If we wish to arrive at an accurate knowledge of any subject, we must endeavor to ascertain what is fundamental to that subject. If we need to investigate accurately any science, we need to inform ourselves as early as possible of the fundamental principles pertaining to that science. There is no better way to study the history of creation than by studying it as revealed in the phenomena of Nature. When I can investigate Nature in her operations, and ascertain the laws by which she performs her work, I then can arrive—at least approximately—at the philosophy of Nature, in attaining which I attain the philosophy of divine manifestation. There can be no interpolation there. The Divine Artificer works alone in the fields of Nature, and where I can discover the manifestation of wisdom and power, there I come directly into communication with the Divine Being in that plane of action and manifestation; and when I learn what the law of action and manifestation is in that department, I learn so much of the method of the divine work, or of the divine order. I propose, then, briefly to call your attention to the teachings of God upon this subject of progression, as manifested in the fields of Nature; and will then ask you to accompany me in endeavoring to ascertain what are some of its fundamental laws.

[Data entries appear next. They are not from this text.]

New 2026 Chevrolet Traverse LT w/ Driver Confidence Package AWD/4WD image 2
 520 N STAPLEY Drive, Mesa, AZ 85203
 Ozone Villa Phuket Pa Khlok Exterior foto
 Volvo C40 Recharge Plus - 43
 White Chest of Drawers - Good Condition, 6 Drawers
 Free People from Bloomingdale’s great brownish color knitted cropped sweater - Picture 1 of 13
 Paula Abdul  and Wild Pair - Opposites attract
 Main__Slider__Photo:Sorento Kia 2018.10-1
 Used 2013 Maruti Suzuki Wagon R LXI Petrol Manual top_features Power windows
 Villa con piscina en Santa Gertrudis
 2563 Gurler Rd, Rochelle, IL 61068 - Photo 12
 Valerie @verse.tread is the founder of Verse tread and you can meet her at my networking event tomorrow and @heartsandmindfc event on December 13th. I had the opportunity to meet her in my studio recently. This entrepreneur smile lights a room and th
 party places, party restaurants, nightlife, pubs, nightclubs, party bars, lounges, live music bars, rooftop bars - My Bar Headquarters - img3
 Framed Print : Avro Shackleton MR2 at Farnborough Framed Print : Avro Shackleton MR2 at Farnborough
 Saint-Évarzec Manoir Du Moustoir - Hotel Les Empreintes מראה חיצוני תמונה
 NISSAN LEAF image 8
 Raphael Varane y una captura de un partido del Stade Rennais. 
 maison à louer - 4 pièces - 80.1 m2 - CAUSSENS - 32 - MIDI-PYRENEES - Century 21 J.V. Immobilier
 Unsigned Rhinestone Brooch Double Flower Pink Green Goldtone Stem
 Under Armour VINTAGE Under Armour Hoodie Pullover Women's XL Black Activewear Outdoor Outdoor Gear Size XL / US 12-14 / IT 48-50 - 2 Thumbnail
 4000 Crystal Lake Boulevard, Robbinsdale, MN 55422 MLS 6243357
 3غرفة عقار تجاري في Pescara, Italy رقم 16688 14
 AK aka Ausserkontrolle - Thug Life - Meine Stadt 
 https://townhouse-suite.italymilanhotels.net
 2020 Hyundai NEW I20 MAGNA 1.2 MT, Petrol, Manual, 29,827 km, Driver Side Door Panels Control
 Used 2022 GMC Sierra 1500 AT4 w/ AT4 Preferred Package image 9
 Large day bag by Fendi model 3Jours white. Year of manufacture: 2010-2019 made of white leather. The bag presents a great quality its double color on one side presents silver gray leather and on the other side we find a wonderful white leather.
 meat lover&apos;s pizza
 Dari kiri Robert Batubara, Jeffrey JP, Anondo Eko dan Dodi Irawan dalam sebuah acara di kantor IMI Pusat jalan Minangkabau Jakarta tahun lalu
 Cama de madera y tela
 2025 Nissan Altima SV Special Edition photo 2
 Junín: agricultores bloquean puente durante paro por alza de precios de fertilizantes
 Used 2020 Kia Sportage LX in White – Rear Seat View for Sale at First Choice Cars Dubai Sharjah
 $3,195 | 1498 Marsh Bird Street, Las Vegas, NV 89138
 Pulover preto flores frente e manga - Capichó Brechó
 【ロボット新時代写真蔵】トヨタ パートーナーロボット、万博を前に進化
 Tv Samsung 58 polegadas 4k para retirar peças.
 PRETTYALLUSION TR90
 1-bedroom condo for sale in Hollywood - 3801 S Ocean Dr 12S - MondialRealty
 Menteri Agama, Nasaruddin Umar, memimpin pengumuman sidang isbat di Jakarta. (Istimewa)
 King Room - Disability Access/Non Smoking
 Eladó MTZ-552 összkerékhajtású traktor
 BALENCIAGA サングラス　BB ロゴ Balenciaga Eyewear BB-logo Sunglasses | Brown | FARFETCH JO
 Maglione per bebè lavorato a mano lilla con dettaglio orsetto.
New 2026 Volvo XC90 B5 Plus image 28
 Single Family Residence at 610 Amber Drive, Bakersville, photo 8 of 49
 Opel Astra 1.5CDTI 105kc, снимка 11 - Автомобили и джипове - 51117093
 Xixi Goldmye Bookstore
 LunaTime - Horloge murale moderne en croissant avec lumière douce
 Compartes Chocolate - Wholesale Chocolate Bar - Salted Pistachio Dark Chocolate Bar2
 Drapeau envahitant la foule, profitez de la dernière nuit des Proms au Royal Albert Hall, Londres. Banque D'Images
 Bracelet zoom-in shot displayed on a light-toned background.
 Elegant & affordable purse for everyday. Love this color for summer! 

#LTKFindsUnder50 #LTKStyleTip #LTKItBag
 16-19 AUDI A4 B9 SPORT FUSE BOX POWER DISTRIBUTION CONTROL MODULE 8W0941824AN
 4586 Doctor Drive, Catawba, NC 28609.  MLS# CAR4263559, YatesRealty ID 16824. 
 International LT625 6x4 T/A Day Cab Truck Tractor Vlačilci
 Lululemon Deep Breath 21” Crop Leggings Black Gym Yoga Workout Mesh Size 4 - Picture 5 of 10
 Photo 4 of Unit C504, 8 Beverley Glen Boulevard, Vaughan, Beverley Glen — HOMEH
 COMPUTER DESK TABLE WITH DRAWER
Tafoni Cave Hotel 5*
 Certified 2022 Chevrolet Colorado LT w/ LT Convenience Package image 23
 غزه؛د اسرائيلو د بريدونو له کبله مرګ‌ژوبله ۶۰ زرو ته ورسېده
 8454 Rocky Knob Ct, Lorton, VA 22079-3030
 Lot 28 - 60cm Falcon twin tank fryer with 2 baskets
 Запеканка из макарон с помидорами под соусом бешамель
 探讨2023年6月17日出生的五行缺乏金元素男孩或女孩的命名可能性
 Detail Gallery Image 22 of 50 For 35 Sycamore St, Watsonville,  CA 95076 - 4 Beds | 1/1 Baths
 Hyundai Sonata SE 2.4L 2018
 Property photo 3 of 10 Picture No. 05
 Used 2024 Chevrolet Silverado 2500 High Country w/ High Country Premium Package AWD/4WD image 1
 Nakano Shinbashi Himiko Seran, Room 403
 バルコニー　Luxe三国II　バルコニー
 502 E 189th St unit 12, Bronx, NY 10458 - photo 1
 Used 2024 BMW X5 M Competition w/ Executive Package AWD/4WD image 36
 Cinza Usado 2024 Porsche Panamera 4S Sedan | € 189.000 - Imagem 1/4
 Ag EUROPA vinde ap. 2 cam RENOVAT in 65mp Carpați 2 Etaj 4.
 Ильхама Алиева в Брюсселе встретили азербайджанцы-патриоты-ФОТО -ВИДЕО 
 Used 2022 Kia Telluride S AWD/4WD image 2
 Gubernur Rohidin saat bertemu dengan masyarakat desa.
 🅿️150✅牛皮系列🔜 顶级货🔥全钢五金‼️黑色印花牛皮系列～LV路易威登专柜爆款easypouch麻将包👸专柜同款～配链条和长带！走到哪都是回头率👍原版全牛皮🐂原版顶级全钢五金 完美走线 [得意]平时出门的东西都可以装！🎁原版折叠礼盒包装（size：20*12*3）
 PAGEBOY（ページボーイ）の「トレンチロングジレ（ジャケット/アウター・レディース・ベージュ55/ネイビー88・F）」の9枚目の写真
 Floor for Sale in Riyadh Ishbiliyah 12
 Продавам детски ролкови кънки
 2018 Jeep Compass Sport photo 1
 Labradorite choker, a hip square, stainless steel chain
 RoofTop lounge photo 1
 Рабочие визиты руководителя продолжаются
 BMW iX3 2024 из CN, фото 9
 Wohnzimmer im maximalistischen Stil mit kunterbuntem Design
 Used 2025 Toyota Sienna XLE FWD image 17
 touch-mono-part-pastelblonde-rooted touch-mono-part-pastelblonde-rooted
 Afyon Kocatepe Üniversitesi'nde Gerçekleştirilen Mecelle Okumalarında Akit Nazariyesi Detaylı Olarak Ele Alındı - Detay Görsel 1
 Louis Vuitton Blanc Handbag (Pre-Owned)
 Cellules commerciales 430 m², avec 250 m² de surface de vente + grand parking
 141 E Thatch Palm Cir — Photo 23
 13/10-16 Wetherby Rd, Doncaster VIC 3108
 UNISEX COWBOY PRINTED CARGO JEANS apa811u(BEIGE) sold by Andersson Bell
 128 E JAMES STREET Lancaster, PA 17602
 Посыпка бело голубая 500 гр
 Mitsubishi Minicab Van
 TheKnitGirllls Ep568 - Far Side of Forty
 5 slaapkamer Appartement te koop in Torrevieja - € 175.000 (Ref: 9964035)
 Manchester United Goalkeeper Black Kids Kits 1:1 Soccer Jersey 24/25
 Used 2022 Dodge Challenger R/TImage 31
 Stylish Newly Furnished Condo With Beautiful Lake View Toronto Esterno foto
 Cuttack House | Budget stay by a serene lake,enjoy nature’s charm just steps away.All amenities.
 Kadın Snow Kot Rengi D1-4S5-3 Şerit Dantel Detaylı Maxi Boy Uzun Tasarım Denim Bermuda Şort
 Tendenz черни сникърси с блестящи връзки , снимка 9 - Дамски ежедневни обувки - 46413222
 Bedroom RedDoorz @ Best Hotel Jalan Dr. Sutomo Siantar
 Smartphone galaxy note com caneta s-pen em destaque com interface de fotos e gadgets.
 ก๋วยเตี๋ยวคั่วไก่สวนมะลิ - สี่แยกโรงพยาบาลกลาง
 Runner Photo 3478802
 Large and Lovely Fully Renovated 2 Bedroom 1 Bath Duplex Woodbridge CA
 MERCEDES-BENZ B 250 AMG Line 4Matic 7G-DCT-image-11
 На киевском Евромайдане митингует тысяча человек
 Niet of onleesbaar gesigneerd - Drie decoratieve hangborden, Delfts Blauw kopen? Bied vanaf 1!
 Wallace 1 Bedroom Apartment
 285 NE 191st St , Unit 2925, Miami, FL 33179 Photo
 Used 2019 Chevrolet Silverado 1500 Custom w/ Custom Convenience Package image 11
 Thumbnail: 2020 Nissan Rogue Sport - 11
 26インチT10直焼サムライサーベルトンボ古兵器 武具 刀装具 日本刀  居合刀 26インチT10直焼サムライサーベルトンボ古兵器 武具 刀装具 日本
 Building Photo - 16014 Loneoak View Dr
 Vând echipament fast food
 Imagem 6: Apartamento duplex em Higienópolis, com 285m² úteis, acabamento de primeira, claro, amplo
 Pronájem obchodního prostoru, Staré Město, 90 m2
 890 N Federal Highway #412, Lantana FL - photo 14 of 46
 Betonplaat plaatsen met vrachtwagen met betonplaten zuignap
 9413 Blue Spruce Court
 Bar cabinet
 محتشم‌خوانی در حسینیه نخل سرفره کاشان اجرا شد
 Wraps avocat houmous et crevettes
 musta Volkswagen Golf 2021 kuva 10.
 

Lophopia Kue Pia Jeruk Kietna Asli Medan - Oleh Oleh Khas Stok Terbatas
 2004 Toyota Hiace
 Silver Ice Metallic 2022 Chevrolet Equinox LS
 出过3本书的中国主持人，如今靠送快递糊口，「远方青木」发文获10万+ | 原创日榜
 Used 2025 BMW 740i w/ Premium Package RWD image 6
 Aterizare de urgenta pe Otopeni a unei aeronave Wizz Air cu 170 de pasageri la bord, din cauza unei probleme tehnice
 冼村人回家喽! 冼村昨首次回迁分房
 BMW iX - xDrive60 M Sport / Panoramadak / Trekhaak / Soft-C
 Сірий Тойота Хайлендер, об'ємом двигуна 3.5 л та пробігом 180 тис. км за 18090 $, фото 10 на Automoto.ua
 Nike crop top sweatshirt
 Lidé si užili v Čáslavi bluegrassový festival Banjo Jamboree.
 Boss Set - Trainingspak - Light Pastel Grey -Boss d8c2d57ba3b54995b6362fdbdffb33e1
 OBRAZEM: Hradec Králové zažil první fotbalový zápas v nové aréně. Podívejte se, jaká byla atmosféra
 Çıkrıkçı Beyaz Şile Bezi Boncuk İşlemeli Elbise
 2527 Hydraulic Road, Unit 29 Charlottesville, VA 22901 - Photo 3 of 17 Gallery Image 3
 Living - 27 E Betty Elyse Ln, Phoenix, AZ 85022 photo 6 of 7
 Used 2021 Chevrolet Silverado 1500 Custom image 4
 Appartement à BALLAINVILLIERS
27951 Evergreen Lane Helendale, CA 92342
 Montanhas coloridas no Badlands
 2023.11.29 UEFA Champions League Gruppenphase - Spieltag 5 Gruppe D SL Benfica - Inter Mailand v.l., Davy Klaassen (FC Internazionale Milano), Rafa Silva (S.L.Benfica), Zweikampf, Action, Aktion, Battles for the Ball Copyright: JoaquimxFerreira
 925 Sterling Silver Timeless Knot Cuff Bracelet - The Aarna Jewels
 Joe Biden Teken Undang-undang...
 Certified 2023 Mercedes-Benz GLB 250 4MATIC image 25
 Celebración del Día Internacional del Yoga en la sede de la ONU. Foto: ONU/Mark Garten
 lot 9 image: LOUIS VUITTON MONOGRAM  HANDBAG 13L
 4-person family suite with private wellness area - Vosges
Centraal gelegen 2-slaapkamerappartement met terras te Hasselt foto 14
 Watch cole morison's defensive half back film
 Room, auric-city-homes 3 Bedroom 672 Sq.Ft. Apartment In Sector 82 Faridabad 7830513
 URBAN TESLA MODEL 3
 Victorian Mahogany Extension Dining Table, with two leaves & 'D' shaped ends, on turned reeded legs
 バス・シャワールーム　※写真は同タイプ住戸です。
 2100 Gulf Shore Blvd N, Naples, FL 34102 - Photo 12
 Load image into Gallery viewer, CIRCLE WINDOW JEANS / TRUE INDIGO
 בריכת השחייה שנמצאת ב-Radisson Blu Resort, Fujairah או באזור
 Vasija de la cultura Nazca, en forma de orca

Were I to inquire what is the apparent design of everything we behold, we must see that it is pointing to the ultimating of an individualized, immortal, intelligent being, who should be capable of understanding all truth, and being perfected in every true affection. Everything tends to bring about that great result—the unfolding of an immortal being. God and the material universe seem to be laboring to beget an individualized being in the image of both God and the universe—God as the absolute and infinite, and matter as the finite, uniting, produce a being which partakes of both the absolute or infinite and the finite. When viewed from one plane he is infinite; when viewed from another plane he is finite; so that between God and matter man is mediate. I would say, then, in simple language, God is the father of the spirit, and matter the mother of his form. The first step in the path of unfolding, as taught by Nature, is that of individualizing form. The next step is that of individualizing life, of producing individuality. The last step is that of producing personality, making the individual a personal being. The form is necessarily finite. The mind can conceive of it only as finite, and as composed of that which is the absolute, finite matter, which, separate from the divine being, has no life or power. It is not self-sufficient nor conscious.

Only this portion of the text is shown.